TASK TO CARRY OUT:
Keep to one stretch of the data below, the lines from the one with "Libro Netter. Flashcards" up to and including the one with "Ankle Strap Colorful", and return that stretch exactly.

RECORDS FOR THIS TASK:
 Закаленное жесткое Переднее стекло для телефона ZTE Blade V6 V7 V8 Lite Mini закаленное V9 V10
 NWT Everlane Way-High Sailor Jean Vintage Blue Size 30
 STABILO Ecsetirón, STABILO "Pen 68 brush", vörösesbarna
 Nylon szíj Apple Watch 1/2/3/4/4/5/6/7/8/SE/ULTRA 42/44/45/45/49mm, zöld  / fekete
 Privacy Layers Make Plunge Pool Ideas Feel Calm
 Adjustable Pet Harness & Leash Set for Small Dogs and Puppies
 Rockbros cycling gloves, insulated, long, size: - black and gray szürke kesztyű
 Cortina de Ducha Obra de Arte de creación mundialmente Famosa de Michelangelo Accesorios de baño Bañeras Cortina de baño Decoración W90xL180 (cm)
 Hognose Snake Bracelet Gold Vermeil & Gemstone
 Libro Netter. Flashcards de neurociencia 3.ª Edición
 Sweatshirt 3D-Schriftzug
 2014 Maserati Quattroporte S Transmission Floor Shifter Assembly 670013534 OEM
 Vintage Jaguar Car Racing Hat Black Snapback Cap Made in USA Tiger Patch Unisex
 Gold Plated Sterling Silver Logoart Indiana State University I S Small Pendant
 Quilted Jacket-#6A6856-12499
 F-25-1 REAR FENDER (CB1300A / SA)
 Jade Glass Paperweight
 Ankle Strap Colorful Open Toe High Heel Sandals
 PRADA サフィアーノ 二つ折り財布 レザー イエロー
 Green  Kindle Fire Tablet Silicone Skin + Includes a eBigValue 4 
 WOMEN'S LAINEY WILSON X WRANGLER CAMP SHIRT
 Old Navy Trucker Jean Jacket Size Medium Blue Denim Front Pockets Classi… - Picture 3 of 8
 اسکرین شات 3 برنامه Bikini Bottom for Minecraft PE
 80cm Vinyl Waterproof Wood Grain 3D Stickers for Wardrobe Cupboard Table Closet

TASK SOLUTION:
 Libro Netter. Flashcards de neurociencia 3.ª Edición
 Sweatshirt 3D-Schriftzug
 2014 Maserati Quattroporte S Transmission Floor Shifter Assembly 670013534 OEM
 Vintage Jaguar Car Racing Hat Black Snapback Cap Made in USA Tiger Patch Unisex
 Gold Plated Sterling Silver Logoart Indiana State University I S Small Pendant
 Quilted Jacket-#6A6856-12499
 F-25-1 REAR FENDER (CB1300A / SA)
 Jade Glass Paperweight
 Ankle Strap Colorful Open Toe High Heel Sandals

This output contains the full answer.